## WHAT YOU NEED TO DO
Lower down are entries containing pictures. Copy exactly, without those pictures, the lines from the line with "Robert A. Heinlein" through the line with "问道手游私SF无限元宝下载攻略 问道手游私SF无限元宝下载攻略".

DATA SHOWN START

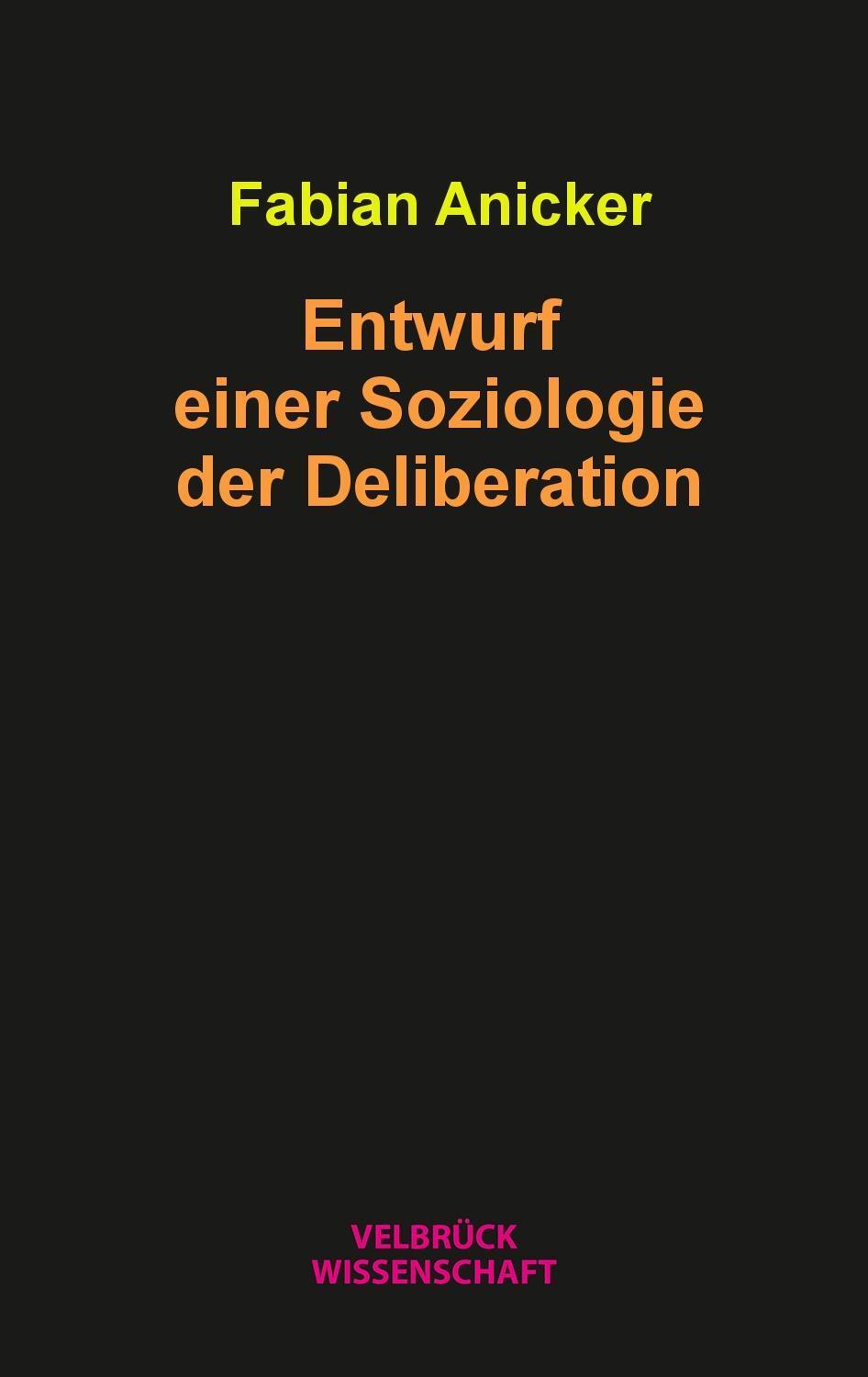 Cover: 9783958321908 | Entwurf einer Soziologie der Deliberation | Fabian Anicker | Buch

DATA SHOWN END
DATA SHOWN START

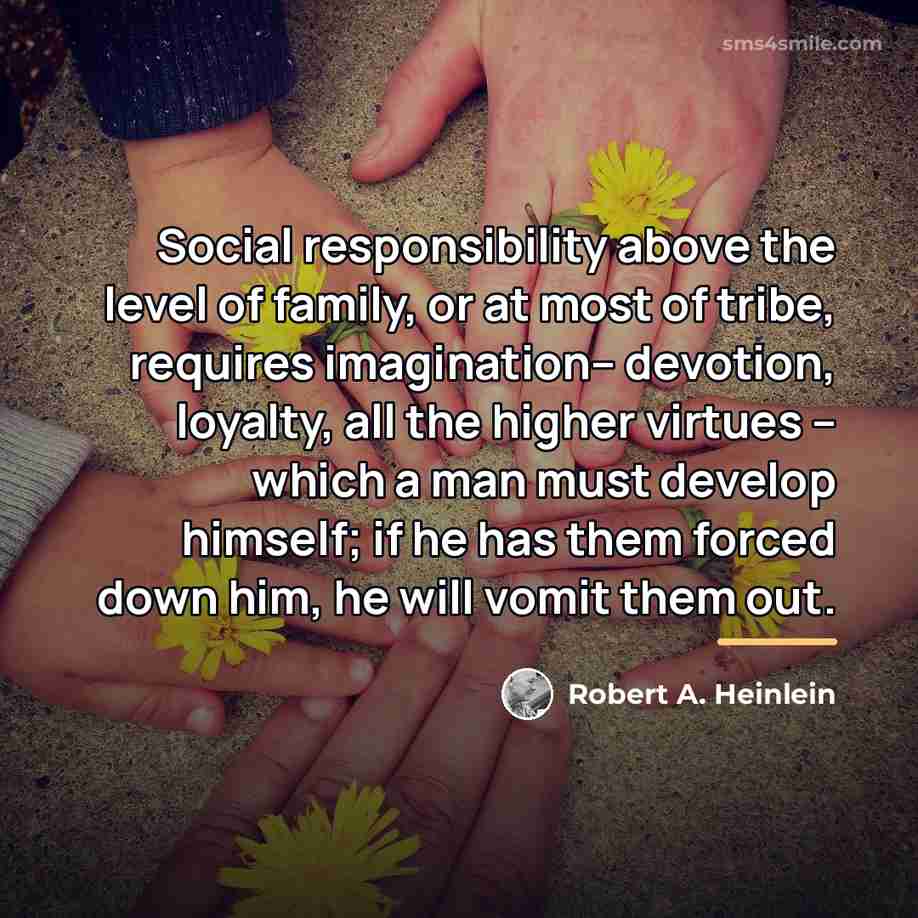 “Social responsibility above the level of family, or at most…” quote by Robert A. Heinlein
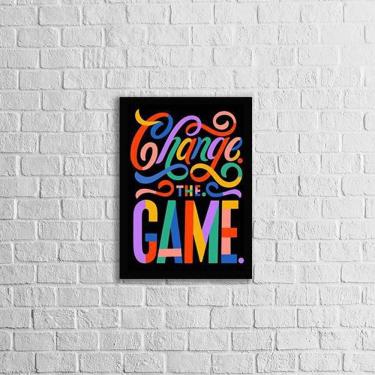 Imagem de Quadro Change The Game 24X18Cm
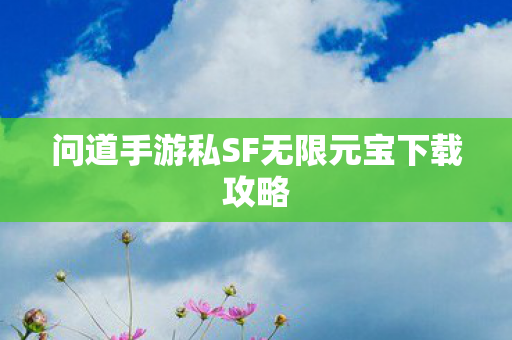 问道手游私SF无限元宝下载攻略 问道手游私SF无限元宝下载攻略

DATA SHOWN END
DATA SHOWN START

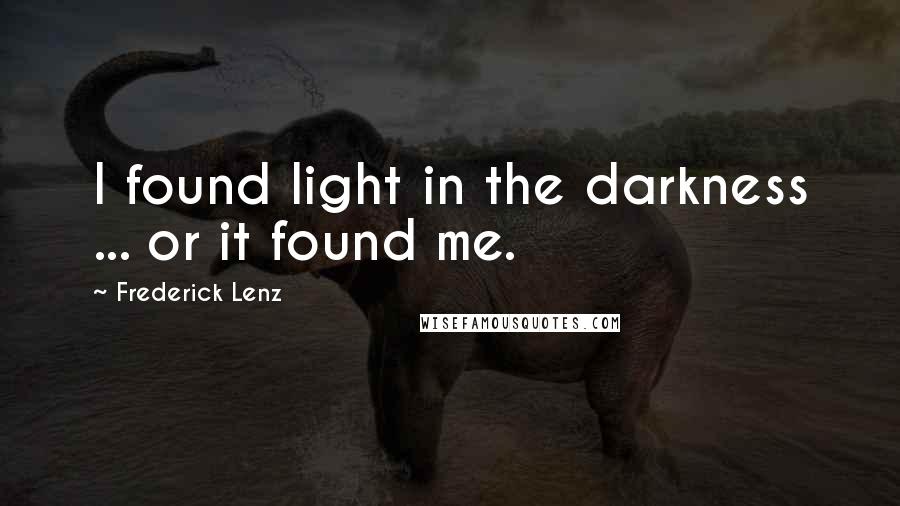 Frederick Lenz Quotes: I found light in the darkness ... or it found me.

DATA SHOWN END

## RESULT FOR THIS EXERCISE
 “Social responsibility above the level of family, or at most…” quote by Robert A. Heinlein
 Imagem de Quadro Change The Game 24X18Cm
 问道手游私SF无限元宝下载攻略 问道手游私SF无限元宝下载攻略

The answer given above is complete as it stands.